Vienna Town Council clings to hope for office development, rejects townhouse alternative

Map of 901 Follin Lane, where EYA proposed a townhouse development (image via EYA)

Developer EYA came to the Vienna Town Council with a plan to turn a long-vacant commercial into a new set of townhomes, but the Town Council warned that it isn’t willing to give up on office and commercial development just yet.

Tysons Edge, an office building at 901 Follin Lane, has gone through attempts to lease since 2013 and has been vacant since 2015. The 97,000 square foot office building has had $2 million worth of renovations poured into the building with little progress in attracting a new occupant.

The proposal from EYA tearing down the building and converting the property into a 115-unit townhome development — scaled down from 165 originally planned for the site.

The project would come with some added amenities, like a new small park attached to the Washington & Old Dominion Trail.

But when the project came forward for discussion at a Vienna Town Council meeting on Oct. 17, the Council was decidedly mixed on the prospect of replacing the office building an entirely new use.
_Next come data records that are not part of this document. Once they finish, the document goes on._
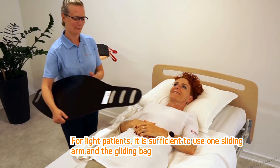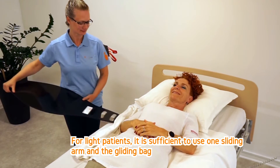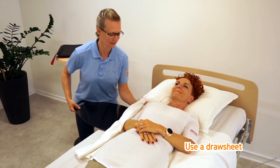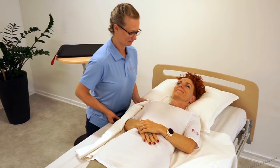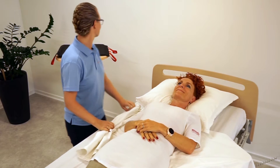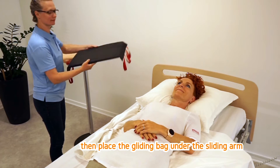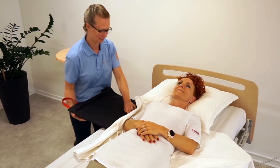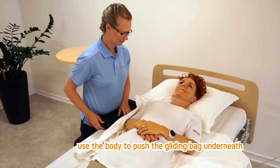For light patients, it's sufficient to use one sliding arm and a gliding bag. Use a draw sheet. Push with your body. Then place the gliding bag under the sliding arm, using the body to push the gliding bag underneath.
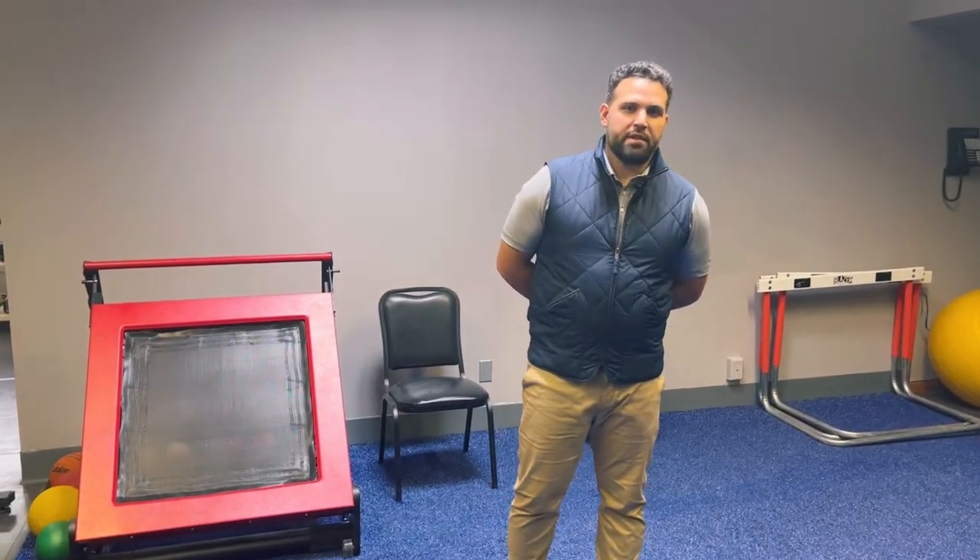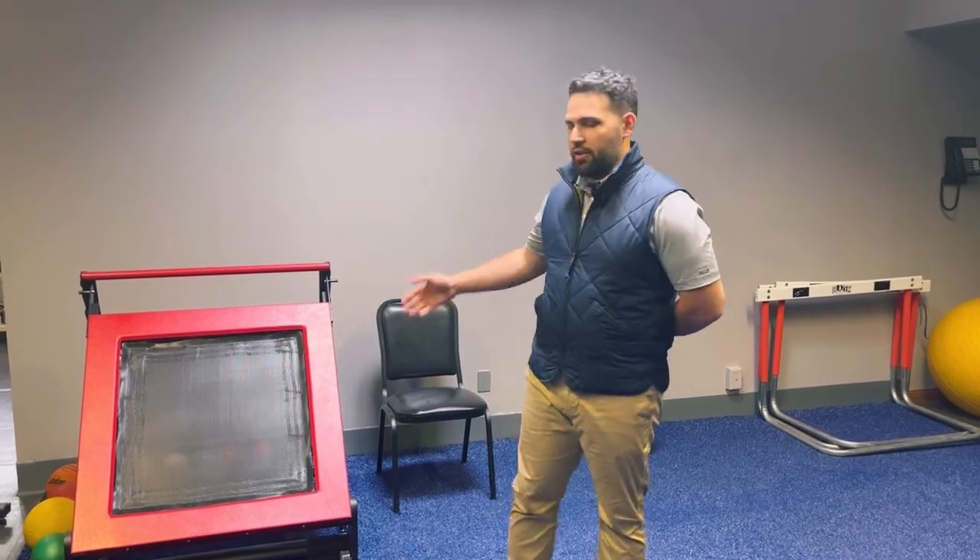Hey everyone, this is Bobby from Angela Rehab. Today I want to highlight one of our pieces of equipment that we have in our facility — our rebounder — and show you a few things we can use it for to help our patients. It really is a nice piece of equipment that we're very fortunate to have.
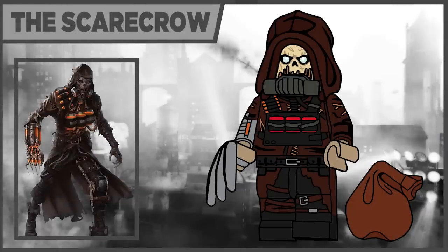Last in the series we have the Scarecrow — just such an iconic character from the Arkham franchise. He's here using the new hood piece, which actually sits on top of the gas mask neck attachment. His accessory is just a regular sack bag, meant to be some fear toxin he's about to drop in the sewers at Arkham Asylum. He also comes with one of the Wolverine claws on his hand.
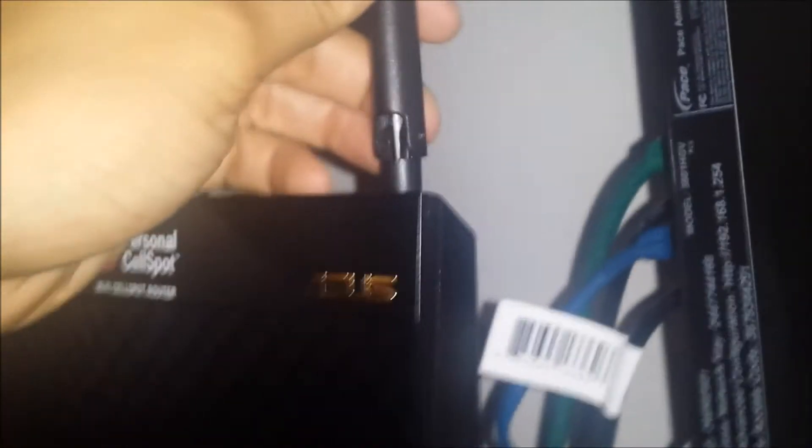So everything is all set up. I've got the Personal CellSpot there connected to the back of my modem, and these are the antennas — I've already gone and connected all of those. It's in the back of my TV. All the blue lights are great, and I'm going to go and set it up now.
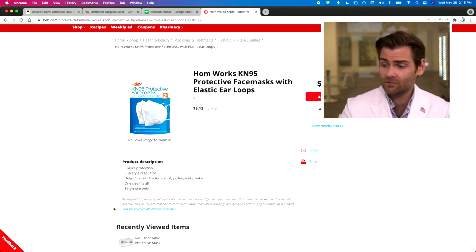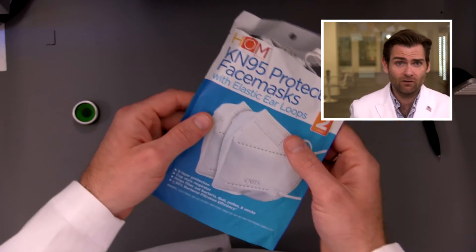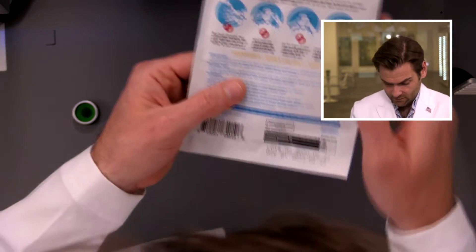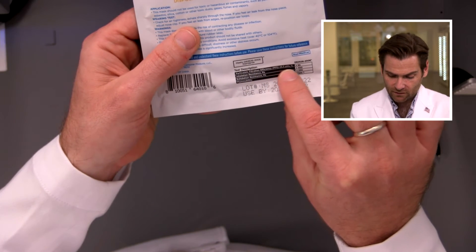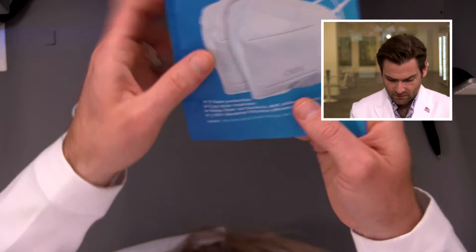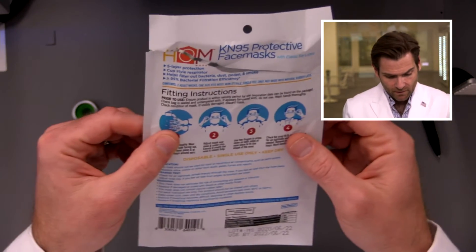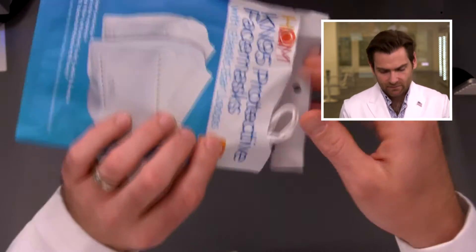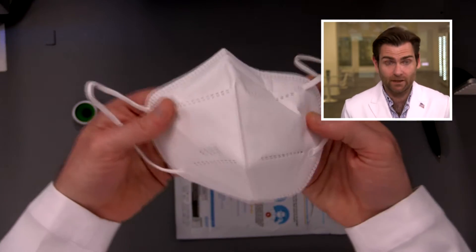Are they making any claims on here? I'm not seeing explicit claims, but you could argue that calling it a KN95 is a claim in itself, because KN95 is a Chinese format that says it meets 95% filtration. There you go — particulate filtration efficiency 95% and 95% bacterial filtration. So this should do 95% or it's not a very good mask. This is like one of those hangy bag things — I've only got one to test so I need to be careful.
Council member Howard Springsteen said the financial benefits of the project promised by EYA amount to roughly the cost of one police office — a “drop in the bucket” — and said the change required to allow the development was tantamount to spot zoning.

“I don’t think we have a responsibility to bail out a landowner who is losing money,” Springsteen said. “I’m sympathetic to demographics changing and maybe we revisit this, but right now it’s a bad idea and I can’t support this… We’ll have to do all this for a zoning change because your owner can’t make money.”

Council member Ray Brill expressed concerns about building a housing development with only one exit lane, saying it wasn’t a proper spot for a housing development.

A recurring argument from the council was that the change would essentially signal the town giving up on the idea of office development. Despite the dramatic downturn in the office market caused by the pandemic, the Vienna Town Council said they’re not ready to recognize defeat.

The Town Council wasn’t unanimous in their disapproval of the project, however. Council member Chuck Anderson said the Town will have to be more open to making zoning more flexible.

“I understand the argument for diversity [of use], but if diversity means hanging on to a rapidly depreciating suburban commercial property that has no use and that the market has not really grasped a use for, I think we need to relook at that and see if we need to, not do spot zoning, but move the boundaries,” Anderson said.

Mayor Linda Colbert ultimately told EYA that the Town Council — in the politest possible terms — was not particularly interested in approving the project.

“At this time, thank you, and I think in the future perhaps,” Colbert said, “but I think right now we’re not moving that forward.”